From the first line to the last, please reproduce the material exactly, skipping the pictures.

** Supplied material **
[Start of Attachment]
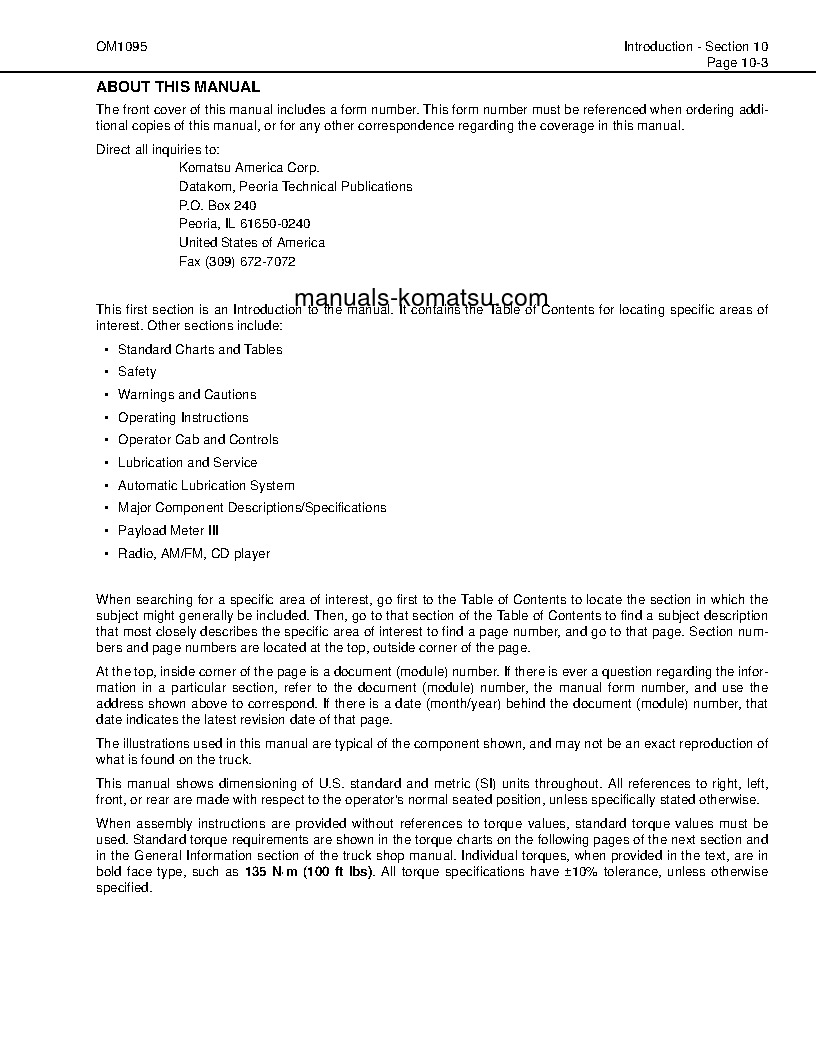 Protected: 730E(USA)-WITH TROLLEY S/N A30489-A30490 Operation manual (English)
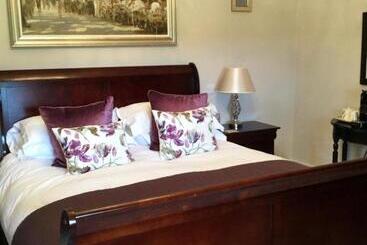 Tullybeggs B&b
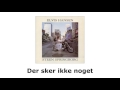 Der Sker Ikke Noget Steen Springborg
[End of Attachment]
** Solved problem **
 Protected: 730E(USA)-WITH TROLLEY S/N A30489-A30490 Operation manual (English)
 Tullybeggs B&b
 Der Sker Ikke Noget Steen Springborg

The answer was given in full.